#### About this exercise
In the records below, find the line with "Computex 2019: свято" and the line with "Kia Ceed III". Print both exactly, along with every line between them, and no other line.

#### Given data
——————
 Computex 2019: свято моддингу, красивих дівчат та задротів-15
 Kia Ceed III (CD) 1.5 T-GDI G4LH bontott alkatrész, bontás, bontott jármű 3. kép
——————
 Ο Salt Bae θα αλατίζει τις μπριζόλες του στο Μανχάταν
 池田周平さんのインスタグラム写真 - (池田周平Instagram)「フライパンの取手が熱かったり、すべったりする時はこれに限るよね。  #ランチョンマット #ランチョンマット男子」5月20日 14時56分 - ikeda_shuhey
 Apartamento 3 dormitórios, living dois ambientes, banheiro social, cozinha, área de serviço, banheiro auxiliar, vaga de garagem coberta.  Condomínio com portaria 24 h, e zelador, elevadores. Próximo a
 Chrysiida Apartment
——————
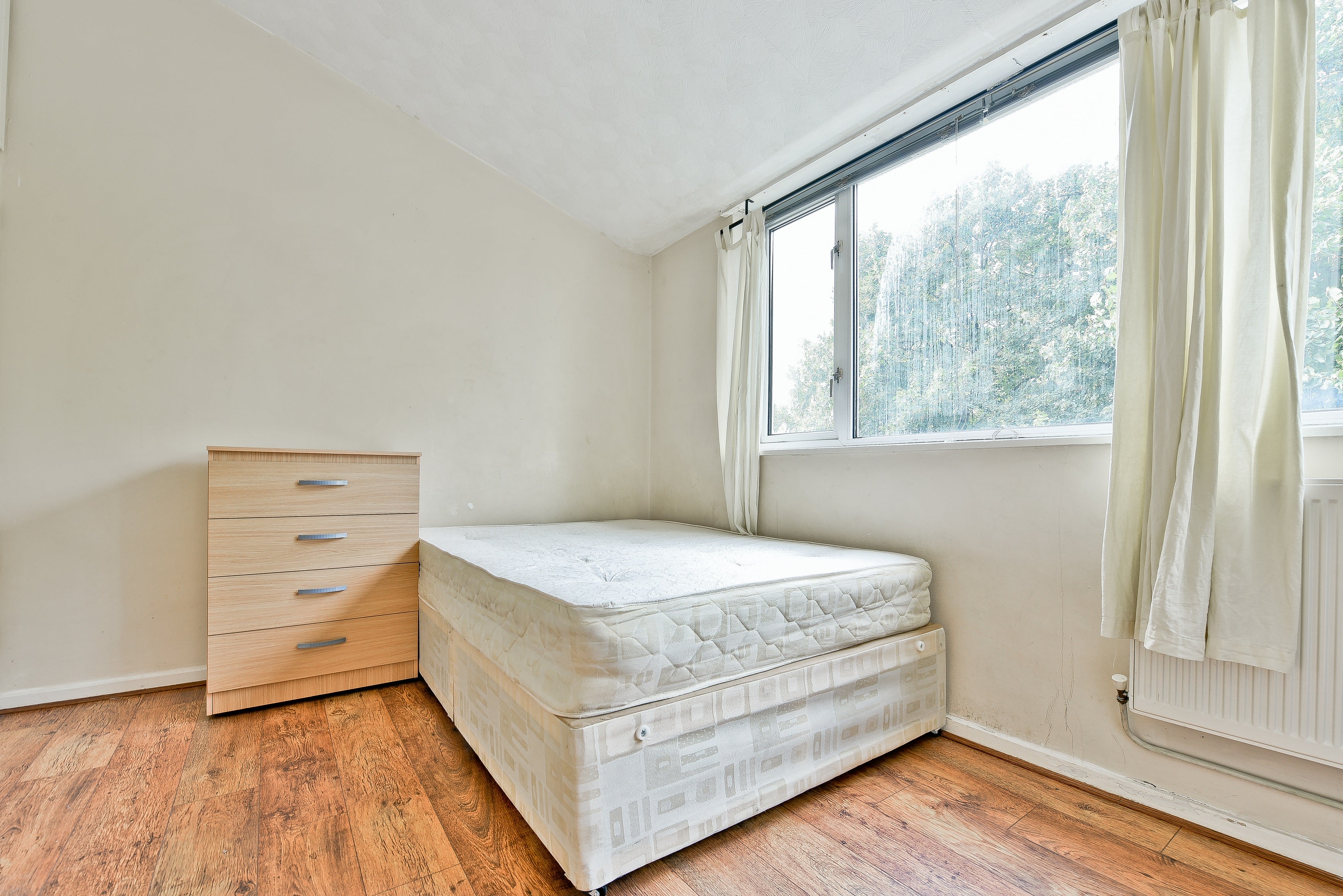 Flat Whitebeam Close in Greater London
——————
#### Answer below
 Computex 2019: свято моддингу, красивих дівчат та задротів-15
 Kia Ceed III (CD) 1.5 T-GDI G4LH bontott alkatrész, bontás, bontott jármű 3. kép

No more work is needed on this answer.